What to work on: Would you reproduce exactly the lines below from the one holding "A large, rocky" through the one holding "bathroom featuring tile", inclusive, and no others?

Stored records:
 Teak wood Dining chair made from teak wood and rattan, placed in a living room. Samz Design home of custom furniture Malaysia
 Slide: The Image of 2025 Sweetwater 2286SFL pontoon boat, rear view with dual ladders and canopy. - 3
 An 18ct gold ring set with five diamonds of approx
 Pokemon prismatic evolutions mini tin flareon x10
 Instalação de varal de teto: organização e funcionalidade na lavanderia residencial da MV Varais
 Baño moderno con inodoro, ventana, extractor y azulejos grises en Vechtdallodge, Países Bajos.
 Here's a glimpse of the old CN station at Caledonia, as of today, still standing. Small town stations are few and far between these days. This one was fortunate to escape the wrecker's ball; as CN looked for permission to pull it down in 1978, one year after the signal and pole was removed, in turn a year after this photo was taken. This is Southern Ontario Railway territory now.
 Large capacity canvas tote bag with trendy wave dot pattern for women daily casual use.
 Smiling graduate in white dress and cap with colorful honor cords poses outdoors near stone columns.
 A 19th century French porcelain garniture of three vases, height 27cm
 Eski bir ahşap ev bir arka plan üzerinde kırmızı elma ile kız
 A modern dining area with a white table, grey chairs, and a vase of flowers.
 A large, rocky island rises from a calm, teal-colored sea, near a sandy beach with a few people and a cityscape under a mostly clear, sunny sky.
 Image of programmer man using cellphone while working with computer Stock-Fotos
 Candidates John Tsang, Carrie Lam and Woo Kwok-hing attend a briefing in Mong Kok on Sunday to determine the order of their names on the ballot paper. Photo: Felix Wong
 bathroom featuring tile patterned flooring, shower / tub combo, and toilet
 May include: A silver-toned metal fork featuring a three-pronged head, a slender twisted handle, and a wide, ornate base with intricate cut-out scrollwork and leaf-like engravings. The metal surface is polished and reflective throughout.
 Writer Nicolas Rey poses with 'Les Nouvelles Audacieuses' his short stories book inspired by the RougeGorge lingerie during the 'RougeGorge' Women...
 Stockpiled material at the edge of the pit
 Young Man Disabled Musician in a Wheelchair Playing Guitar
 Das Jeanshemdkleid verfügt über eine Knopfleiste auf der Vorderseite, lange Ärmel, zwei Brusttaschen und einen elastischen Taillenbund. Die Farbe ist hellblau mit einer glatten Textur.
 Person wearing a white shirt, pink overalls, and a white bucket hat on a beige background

Result of the exercise:
 A large, rocky island rises from a calm, teal-colored sea, near a sandy beach with a few people and a cityscape under a mostly clear, sunny sky.
 Image of programmer man using cellphone while working with computer Stock-Fotos
 Candidates John Tsang, Carrie Lam and Woo Kwok-hing attend a briefing in Mong Kok on Sunday to determine the order of their names on the ballot paper. Photo: Felix Wong
 bathroom featuring tile patterned flooring, shower / tub combo, and toilet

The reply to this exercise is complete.